● Your task
Transcribe exactly the stretch of lines beginning at the one containing "That's a quick" and closing with the last line of the entries below. Omit images.

● Records supplied
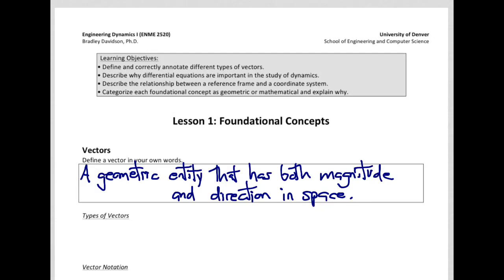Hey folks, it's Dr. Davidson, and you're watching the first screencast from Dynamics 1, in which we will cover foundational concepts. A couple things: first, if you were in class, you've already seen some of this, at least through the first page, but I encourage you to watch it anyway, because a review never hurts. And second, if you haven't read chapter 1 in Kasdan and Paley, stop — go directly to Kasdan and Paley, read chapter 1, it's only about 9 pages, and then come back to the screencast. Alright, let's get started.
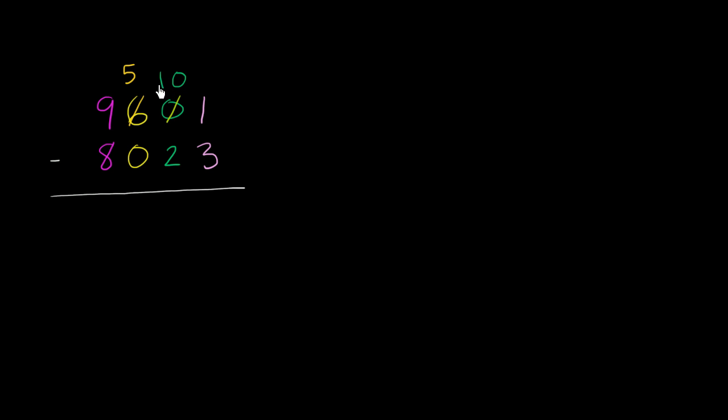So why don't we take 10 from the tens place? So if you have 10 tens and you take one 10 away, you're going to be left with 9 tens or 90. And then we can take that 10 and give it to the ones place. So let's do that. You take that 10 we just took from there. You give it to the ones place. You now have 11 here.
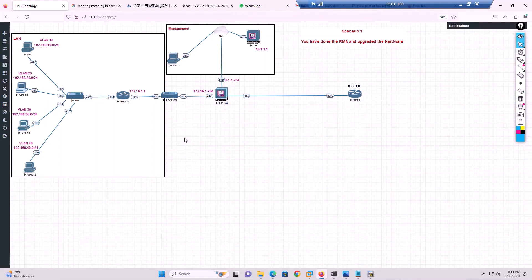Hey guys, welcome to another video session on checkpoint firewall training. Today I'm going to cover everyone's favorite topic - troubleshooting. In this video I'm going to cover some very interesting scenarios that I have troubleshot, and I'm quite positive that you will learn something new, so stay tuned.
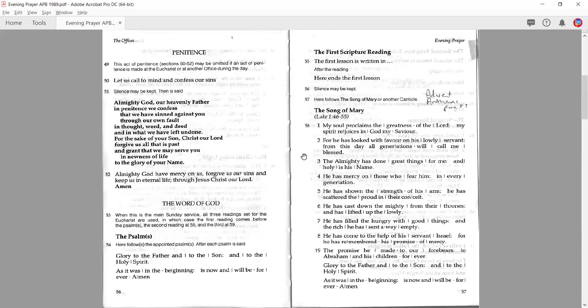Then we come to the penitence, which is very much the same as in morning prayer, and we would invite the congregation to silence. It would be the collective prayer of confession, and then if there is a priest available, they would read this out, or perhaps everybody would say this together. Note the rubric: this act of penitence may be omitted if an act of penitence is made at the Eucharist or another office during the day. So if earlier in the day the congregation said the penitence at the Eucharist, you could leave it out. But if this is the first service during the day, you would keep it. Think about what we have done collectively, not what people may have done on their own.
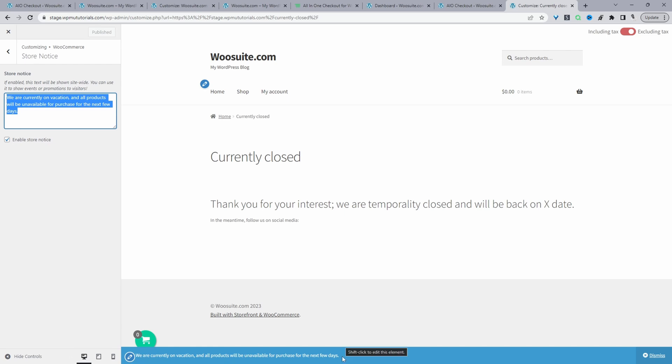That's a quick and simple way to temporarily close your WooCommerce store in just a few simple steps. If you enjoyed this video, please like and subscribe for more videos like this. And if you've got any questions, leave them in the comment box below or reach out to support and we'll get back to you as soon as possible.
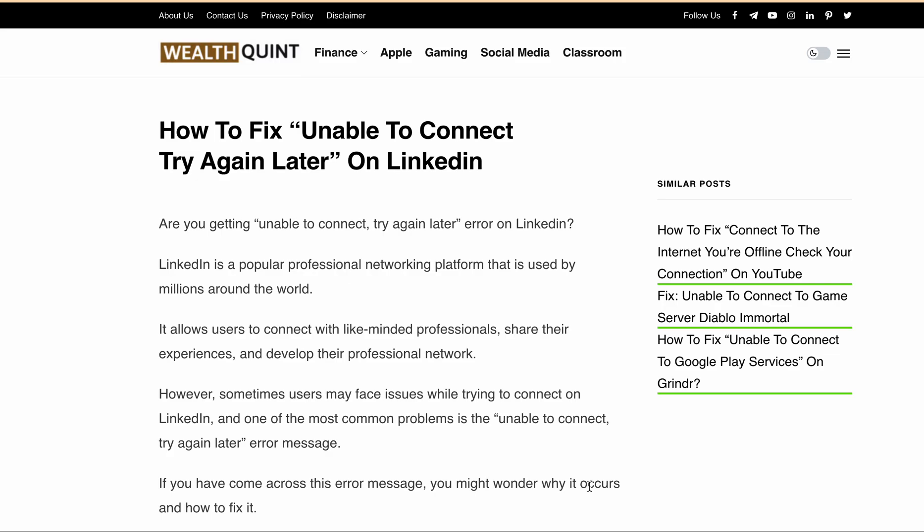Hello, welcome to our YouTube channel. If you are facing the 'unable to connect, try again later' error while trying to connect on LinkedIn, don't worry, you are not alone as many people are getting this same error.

● Answer to the problem
That's a quick and simple way to temporarily close your WooCommerce store in just a few simple steps. If you enjoyed this video, please like and subscribe for more videos like this. And if you've got any questions, leave them in the comment box below or reach out to support and we'll get back to you as soon as possible.
Hello, welcome to our YouTube channel. If you are facing the 'unable to connect, try again later' error while trying to connect on LinkedIn, don't worry, you are not alone as many people are getting this same error.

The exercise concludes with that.